_Exercise description_
There is material below. Print exactly the lines starting at the line with "Trapunta in mussola" and ending at the line with "Obraz premium Multicolored", ends included, and no others.
■ ■ ■ ■
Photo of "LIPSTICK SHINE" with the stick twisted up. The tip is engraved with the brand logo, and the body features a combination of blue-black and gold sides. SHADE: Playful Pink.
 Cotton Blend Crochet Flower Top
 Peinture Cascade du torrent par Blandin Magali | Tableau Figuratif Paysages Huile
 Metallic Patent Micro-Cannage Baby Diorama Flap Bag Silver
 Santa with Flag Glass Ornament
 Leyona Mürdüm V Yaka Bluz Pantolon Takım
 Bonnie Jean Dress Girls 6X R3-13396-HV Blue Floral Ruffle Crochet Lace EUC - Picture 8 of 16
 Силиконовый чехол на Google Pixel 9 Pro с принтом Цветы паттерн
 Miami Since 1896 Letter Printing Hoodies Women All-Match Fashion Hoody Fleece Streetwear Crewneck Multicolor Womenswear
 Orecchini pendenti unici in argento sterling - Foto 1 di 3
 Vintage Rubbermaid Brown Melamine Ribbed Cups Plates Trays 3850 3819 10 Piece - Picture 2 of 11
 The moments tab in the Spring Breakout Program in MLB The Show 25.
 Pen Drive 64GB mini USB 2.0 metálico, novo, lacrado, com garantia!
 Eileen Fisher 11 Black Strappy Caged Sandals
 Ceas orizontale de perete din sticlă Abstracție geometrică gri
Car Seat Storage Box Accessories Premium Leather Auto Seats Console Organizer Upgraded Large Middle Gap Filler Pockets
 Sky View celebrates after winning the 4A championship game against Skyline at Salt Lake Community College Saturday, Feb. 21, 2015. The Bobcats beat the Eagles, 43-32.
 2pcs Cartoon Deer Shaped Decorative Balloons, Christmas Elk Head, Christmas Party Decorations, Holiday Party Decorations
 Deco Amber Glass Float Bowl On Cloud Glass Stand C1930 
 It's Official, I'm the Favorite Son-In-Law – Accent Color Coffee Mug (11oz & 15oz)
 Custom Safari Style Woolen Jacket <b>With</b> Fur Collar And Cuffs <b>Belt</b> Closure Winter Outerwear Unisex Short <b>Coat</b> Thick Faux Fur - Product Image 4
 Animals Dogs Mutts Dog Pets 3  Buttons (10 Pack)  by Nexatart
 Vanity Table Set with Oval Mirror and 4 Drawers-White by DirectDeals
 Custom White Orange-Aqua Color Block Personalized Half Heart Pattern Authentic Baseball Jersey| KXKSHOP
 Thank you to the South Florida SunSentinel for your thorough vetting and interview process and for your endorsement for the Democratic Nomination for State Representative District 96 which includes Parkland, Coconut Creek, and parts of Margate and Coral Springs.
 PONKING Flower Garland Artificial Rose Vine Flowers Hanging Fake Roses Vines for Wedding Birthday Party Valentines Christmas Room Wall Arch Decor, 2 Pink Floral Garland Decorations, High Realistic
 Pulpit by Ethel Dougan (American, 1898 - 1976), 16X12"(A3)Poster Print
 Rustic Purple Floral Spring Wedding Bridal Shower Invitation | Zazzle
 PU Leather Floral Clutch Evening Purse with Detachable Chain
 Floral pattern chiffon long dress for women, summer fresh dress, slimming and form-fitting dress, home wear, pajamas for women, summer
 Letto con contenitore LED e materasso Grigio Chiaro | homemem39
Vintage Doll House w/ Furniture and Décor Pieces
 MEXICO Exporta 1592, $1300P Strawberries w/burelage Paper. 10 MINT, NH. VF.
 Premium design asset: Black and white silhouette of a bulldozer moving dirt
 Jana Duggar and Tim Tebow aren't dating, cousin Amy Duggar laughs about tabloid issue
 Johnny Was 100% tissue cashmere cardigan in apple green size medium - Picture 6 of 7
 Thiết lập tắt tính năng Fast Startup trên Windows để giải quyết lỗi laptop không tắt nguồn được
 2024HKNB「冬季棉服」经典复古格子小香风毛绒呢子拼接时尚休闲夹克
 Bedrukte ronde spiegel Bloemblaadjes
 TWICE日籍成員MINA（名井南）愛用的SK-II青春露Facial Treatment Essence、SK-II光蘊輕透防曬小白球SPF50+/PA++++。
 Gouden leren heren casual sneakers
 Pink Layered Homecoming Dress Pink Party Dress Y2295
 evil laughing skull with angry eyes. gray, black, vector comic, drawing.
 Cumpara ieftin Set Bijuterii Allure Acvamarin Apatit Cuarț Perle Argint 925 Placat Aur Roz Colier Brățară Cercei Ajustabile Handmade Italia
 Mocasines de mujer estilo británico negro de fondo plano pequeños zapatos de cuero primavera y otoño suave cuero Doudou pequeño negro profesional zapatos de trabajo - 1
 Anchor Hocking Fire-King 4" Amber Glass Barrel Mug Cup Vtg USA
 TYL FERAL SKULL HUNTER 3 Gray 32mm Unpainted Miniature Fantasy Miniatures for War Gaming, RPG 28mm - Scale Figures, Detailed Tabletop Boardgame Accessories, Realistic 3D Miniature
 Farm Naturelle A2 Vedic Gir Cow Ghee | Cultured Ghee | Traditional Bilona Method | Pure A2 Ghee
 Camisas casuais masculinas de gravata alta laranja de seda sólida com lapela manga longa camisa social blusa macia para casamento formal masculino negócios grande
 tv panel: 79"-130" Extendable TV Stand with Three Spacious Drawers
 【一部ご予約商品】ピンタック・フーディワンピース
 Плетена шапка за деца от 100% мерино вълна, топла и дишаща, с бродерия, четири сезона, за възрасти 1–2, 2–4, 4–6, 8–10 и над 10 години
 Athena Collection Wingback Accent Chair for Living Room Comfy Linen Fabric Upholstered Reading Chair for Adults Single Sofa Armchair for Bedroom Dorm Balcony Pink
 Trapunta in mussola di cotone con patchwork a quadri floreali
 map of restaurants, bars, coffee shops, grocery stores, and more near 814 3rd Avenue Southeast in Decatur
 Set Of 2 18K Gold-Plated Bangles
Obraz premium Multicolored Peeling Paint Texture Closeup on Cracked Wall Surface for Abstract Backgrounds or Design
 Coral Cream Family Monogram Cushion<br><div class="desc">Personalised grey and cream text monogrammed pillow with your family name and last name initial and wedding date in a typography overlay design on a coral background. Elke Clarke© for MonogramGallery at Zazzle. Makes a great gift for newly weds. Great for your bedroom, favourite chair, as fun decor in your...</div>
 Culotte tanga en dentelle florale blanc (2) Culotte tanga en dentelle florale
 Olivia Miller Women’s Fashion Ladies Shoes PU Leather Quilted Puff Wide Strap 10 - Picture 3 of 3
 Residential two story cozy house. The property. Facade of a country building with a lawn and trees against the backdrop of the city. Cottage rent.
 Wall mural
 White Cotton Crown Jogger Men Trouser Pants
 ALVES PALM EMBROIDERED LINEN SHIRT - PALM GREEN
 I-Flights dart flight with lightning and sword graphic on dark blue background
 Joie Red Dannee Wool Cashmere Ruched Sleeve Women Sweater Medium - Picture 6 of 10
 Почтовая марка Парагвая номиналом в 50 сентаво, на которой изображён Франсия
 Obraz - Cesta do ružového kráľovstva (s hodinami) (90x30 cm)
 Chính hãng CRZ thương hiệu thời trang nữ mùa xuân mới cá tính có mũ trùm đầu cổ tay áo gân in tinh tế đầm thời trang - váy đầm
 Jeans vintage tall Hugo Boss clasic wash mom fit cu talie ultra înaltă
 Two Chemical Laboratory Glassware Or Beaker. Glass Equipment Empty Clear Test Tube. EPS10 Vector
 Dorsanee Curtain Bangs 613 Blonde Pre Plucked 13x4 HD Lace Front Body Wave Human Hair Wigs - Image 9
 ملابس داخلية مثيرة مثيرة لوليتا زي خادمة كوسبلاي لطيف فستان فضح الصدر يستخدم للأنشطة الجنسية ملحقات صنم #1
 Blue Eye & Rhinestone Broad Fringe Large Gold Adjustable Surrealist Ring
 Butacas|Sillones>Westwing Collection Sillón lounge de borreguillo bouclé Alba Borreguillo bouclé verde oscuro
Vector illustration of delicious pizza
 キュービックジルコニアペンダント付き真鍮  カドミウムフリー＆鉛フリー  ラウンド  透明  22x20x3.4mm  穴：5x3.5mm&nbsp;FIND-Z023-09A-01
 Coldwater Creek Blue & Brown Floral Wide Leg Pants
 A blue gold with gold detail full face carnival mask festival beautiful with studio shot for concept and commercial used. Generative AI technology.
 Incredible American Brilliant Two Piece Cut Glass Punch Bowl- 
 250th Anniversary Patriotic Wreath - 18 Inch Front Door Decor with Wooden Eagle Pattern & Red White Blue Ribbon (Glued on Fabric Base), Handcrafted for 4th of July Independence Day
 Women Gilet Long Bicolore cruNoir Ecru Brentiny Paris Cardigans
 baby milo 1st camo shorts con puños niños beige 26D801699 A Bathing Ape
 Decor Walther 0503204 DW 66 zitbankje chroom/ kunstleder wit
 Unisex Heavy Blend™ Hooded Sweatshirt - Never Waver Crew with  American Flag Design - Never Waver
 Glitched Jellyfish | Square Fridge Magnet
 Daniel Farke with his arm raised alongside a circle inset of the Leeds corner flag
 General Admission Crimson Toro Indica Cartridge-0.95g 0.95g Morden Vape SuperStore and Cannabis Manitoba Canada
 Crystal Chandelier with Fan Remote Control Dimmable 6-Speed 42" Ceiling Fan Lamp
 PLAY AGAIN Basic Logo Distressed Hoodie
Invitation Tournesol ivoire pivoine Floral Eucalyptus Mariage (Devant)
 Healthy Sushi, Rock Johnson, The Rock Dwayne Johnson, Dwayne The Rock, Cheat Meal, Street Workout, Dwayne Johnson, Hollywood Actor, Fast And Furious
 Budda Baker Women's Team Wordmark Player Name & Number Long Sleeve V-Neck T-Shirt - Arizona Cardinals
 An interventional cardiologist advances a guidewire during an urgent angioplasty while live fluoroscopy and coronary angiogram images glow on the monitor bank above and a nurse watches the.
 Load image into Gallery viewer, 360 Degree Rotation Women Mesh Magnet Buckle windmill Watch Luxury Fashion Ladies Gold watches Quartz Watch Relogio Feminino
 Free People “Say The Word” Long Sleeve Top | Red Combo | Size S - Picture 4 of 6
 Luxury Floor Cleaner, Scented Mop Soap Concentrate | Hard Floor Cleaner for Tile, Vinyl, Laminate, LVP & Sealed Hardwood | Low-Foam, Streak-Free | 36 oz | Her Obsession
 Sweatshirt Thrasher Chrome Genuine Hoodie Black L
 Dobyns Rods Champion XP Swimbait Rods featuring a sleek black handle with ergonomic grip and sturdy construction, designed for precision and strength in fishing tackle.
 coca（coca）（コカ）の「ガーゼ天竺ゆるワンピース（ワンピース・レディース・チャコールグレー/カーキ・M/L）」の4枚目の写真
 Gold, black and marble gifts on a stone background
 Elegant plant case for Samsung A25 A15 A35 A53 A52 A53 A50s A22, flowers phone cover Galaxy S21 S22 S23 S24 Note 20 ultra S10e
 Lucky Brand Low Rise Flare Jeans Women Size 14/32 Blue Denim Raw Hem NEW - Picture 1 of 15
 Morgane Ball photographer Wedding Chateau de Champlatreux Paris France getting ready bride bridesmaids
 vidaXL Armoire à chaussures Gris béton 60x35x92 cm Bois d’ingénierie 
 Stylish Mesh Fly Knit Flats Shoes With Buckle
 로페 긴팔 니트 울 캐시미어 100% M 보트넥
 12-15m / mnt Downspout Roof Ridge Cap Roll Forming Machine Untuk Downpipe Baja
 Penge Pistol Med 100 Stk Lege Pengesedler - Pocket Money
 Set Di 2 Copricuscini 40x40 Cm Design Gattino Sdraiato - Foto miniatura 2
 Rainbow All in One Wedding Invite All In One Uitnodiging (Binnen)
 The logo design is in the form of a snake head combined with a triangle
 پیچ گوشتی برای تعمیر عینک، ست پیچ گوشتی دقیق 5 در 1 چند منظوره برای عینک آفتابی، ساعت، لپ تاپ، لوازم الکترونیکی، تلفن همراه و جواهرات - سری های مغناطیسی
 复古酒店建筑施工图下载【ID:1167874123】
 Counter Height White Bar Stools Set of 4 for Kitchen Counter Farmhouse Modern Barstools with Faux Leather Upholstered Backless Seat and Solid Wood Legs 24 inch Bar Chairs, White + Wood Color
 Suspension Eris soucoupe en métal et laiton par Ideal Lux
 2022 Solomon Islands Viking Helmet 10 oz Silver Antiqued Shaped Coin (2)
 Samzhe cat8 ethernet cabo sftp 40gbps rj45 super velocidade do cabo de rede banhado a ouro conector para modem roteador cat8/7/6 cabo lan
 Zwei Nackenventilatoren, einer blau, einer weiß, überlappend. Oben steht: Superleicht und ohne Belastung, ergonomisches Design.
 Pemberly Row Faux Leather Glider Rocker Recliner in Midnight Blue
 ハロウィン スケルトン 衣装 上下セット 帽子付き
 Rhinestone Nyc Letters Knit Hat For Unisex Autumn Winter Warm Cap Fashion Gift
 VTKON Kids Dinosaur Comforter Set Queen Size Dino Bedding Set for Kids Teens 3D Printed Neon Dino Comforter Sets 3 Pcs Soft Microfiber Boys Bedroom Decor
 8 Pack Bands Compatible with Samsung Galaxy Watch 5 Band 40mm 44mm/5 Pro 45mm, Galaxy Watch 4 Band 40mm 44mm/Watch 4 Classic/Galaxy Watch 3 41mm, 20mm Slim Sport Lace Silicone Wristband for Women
■ ■ ■ ■
_Result below_
 Trapunta in mussola di cotone con patchwork a quadri floreali
 map of restaurants, bars, coffee shops, grocery stores, and more near 814 3rd Avenue Southeast in Decatur
 Set Of 2 18K Gold-Plated Bangles
Obraz premium Multicolored Peeling Paint Texture Closeup on Cracked Wall Surface for Abstract Backgrounds or Design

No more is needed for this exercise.